By Janie Southard
Many area school boards have adopted the practice of consent agendas in an effort to streamline their monthly meetings. But have they also streamlined the public out of the discussion loop?
In a word, no. At least that is not the purpose of the trimmed-down meeting agendas, school district officials say.
Rob Delane, director of school board development for the Ohio School Boards Association, Columbus, told The Daily Standard he believes a consent agenda makes for a more efficient meeting without detracting from any public participation.
“Consent agenda has been part of Roberts Rules of Order for a long time. It simply looks at routine and commonplace items in agendas and lumps them into a single action, rather than having the board deal with many (voting) actions,” Delane told The Daily Standard earlier this week.
Delane said more and more Ohio schools are going to consent agendas to save meeting time for more important matters.
“Boards are much more accountable now with all the required testing, goal setting and No Child Left Behind. There are just more important aspects of being a school board member than voting on routine matters,” Delane said.
When Celina district’s board went to a consent agenda last month, board President Mary Lehman said the new arrangement would put more homework on board members and added “all information is available ahead of time for board members to pick up.”
Typical items included in the consent agenda include the reports of the treasurer, business manager and superintendent.

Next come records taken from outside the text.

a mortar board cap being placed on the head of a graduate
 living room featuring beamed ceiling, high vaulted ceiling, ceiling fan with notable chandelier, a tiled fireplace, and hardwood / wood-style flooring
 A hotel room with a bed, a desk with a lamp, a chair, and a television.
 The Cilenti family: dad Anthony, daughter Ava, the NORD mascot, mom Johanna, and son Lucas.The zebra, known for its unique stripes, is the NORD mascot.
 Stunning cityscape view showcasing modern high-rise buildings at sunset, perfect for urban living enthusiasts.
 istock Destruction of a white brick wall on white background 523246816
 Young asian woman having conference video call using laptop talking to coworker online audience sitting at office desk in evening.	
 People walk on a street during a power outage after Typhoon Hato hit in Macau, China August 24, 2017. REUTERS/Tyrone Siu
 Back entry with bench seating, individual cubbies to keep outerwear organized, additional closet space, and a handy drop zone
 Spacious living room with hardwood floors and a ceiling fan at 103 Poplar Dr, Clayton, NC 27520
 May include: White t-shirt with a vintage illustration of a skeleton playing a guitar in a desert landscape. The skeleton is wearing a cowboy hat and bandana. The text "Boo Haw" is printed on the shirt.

The superintendent’s report can include staff assignments, contractual status changes, personnel contract renewals, non-renewal of supplemental contracts, resignations, employment, leaves of absence and other issues.
If a community member or board member has a concern about an item grouped together for a consent vote, he or she can ask the board to pull that item out of the listing for more discussion.
In a telephone interview Thursday morning, Celina school board Vice President Matt Gilmore said he is a “fan of meeting economy” and pleased to finally get away from 20 or more roll call votes per meeting on routine matters. A roll call vote means every member is verbally polled and responds individually.
The Coldwater school district does not use a consent agenda in its true form, although the meetings follow a somewhat modified version of the consent.
District Treasurer Sherry Shaffer explained Coldwater’s board of education meeting is conducted in “different sections.”
“Our resolutions come in two areas: the treasurer’s and the superintendent’s. All resolutions are listed separately and read separately, but there is only one vote,” Shaffer said.
The point of conducting meetings as done by the Coldwater school board is to assure the public that “everything happens at the public meeting.”
“It’s simply a time saving measure,” Gilmore said. “We’re not trying to duck issues or group things together for a quick vote. If anyone has questions about an issue, it will be moved to the regular agenda for discussion. Either way, the items will still appear in black and white on the agenda.”